A Free Soul Bound For Jail: Eugene Debs Speaks in Canton, Ohio–June 16, 1918

Debs at Canton, Ohio in 1918.

June 16, 1918 was a warm summer day in Canton, Ohio. The Socialist Party of Ohio had gathered in the city for its yearly convention. On this day, in Nimisilla Park, the speaker was arguably the best-known Socialist in America: Eugene Debs of Terre Haute, Indiana. Debs’ progressive credentials were impeccable. By this time he had run as Socialist candidate for President four times and founded the American Railway Union, which successfully struck James J. Hill’s Great Northern Railroad in April, 1894. He had served a six-month jail term when the ARU supported a strike against the Pullman Palace Car Company just a few months later. He was one of the founders of the legendary radical union the Industrial Workers of the World (IWW), although Debs and the Socialist Party later broke from that organization in disagreement over tactics.

Railroad tracks in Terre Haute not far from the Eugene Debs Home. Click on any photo to enlarge (author’s photo).

A famous poster of the IWW.

By this day in Canton, the United States had been involved in World War I for slightly more than a year. The country officially declared war on the Central Powers on April 6, 1917, and since that time dramatic change had swept the country. Raw lumber Army camps sprang up in rural parts of the nation. Thousands of men had been drafted  and National Guard units federalized for overseas service. George Creel, who was essentially President Wilson’s minister of propaganda, was spearheading a public relations campaign in support of America’s commitment that was breathtaking in scope and intensity.

Missouri native George Creel in 1917.

The government produced millions of posters encouraging Americans to support the war effort, including James Montgomery Flagg’s legendary “I Want You” poster with a scowling and finger-pointing Uncle Sam. Hollywood stars worked the crowds at bond drives. Local leaders, known as “Four Minute Men”—mayors, ministers, prominent business owners, teachers—gave short talks in support of the war effort with government-produced texts in the times between movie showings and at other gatherings across the country.
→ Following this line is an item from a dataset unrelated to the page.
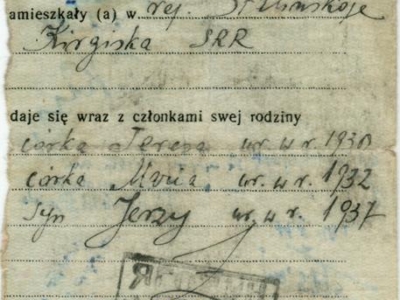 Zaświadczenie z Państwowego Urzędu Repatriacyjnego o powrocie Janiny Sajkowskiej z zesłania w ZSRS wraz z dziećmi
A 4 Minute Man publication.

Along with this surge of propaganda came a wave of ugly anti-German prejudice that resulted in German language books destroyed, German musicians and artists  harassed, and German classical music barred from performance. Cities with large German-American populations such as Milwaukee, St. Louis and Cincinnati were particularly affected by the anti-German hysteria. Debs’ hometown of Terre Haute had its share of ugliness. A policeman held a German grocer’s arms behind his back and allowed a banker to beat the man—the grocer was one of Debs’ neighbors. A Socialist coal miner refused to purchase a Liberty Bond and narrowly escaped a lynching. This reaction also had its sadly comical components, such as renaming sauerkraut “liberty cabbage.” This particular kind of foolishness surfaced in our own times as French fries became “freedom fries” in 2003 when war hawks in the U.S. were unhappy with France’s opposition to the Iraq invasion.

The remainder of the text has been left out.